The Disabled Students’ Union reached out in an effort to provide more opportunities for students with disabilities to participate in the social and academic life of the community. In 1972 they formed the Center for Independent Living (CIL), which became a model for independent living centers throughout the United States and the world. Run by and for people with disabilities, CIL provides a wide range of services.  

Another function of CIL has been to advocate for rights of disabled people. One of its early successes was coordination with the city of Berkeley to create curb cuts. This turned out to be a boon not only to wheelchair users but also to mothers pushing baby strollers and these days is much appreciated by people using the ubiquitous roller bags. It’s hard now to imagine what it was like for a person in a wheelchair being downtown and having to find a way to get from the street onto the sidewalk just to go into a store or the library or a movie.  

Ed Roberts’ long-time friend and colleague Joan Leon recalls, “Ed always said that we learned from the women’s movement, from the civil rights movement, (and) we learned from Saul Alinsky.”  

The Independent Living Movement grew into the Disability Rights Movement, which ultimately resulted in achieving congressional passage of the Americans with Disabilities Act (ADA) in 1990. 

Roberts was a charismatic and eloquent speaker and an astute politician. In 1975 then-Governor Jerry Brown appointed him director of the California Department of Rehabilitation. There was a nice irony in this since in 1961 that same agency had refused to provide services for Ed because they determined that he was too severely disabled and would never be employable.
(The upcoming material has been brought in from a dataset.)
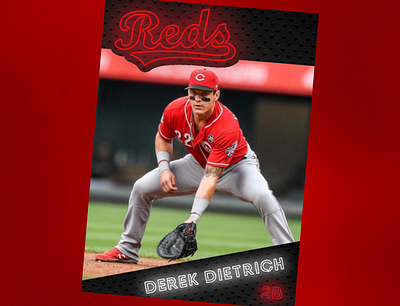 Custom Baseball Card 5 baseball baseball card baseball cards card cincinnati dietrich reds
During the eight years he served in that position, he spurred the establishment of other CILs and the provision of rehabilitation services in other areas of the country. 

With the end of Brown’s term in office, Ed and his colleagues, Joan Leon and Judy Heumann, began to seek funding to establish a new organization with still broader outreach. In 1983 they founded the World Institute on Disability (WID) in Oakland. More than a think tank, WID defines itself as a “nonprofit public policy, research and training center dedicated to creating awareness and bringing about policy changes regarding how society views and treats people with disabilities.” 
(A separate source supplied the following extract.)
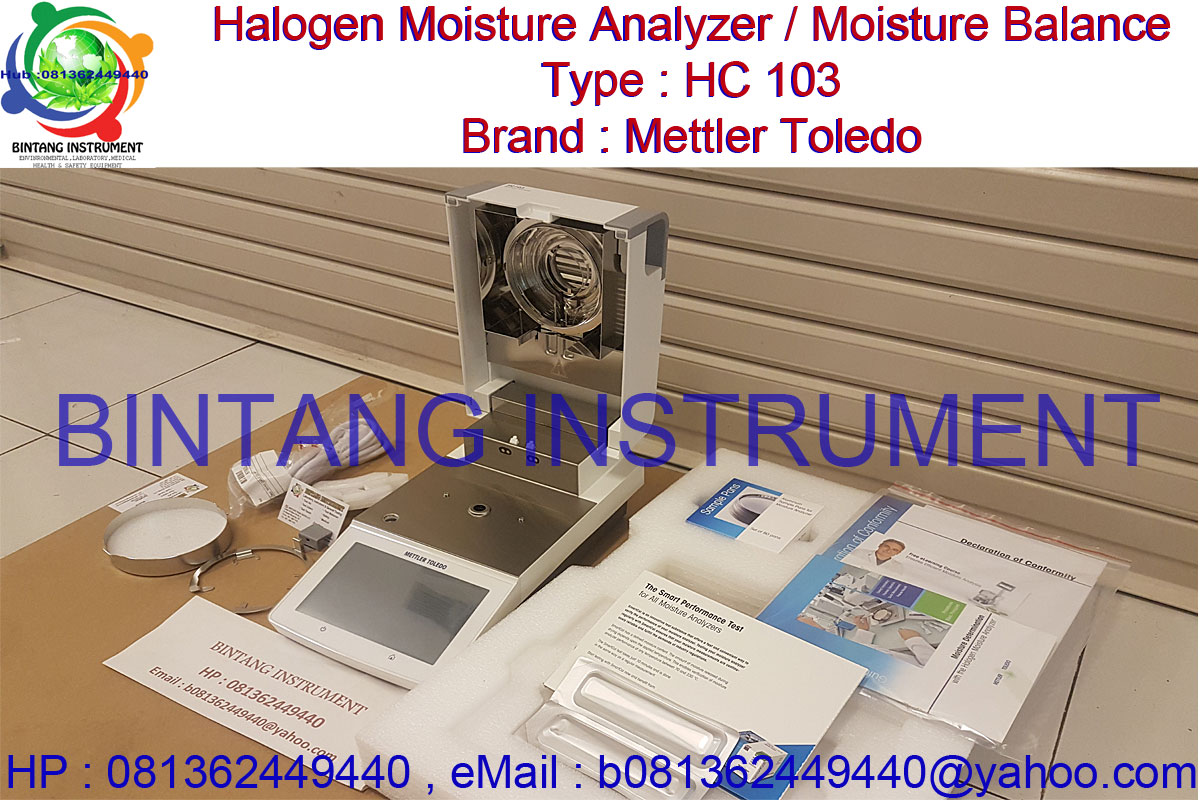 BINTANG INSTRUMENT 081362449440 Jual Moisture Balance Halogen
In 1985 Ed Roberts received a MacArthur Foundation “genius” award. As president of WID he traveled all over the world, advocating and influencing the lives of people with disabilities. He was featured on “60 Minutes” and other news shows. He died in 1995 leaving a legacy of organizing and activism in the true Berkeley tradition.  
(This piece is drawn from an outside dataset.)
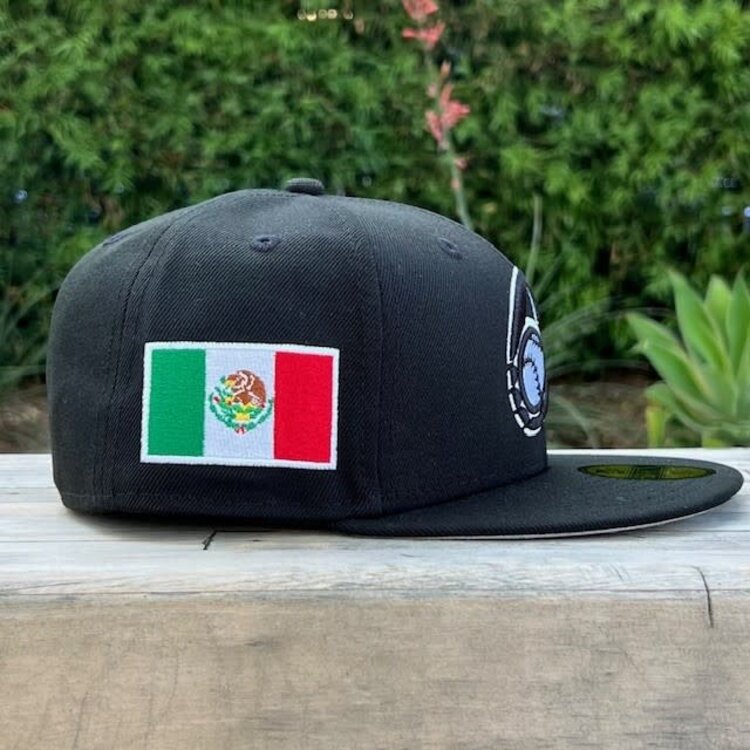 New Era Charros Black White Mexico Flag SP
Roberts’ mother, Zona Roberts, reflects that “it’s gratifying after all the work that he did ... to think of the people who used to feel sorry for the ‘poor little crippled kid’ ... and he grew up and matured and learned how to do politics and (accomplish) things he really believed in.”  

His work has affected “families, the community, the city—and the world,” she said. 

The Ed Roberts Campus will bring together WID and CIL and other agencies that provide services for people with disabilities. The building will house a youth sports program, technology services, legal services and a program focused on families dealing with disabilities. The plans include meeting rooms, a fitness center and cafe, and a child development center, and more will be added as needs develop.  

The design of the building is unique, incorporating a plethora of features that make it completely accessible for people of all shapes and physical and mental abilities. Its location, right at a transit hub, is also a significant advantage.  

In the words of Joan Leon, “There’s no organization like it in the world.”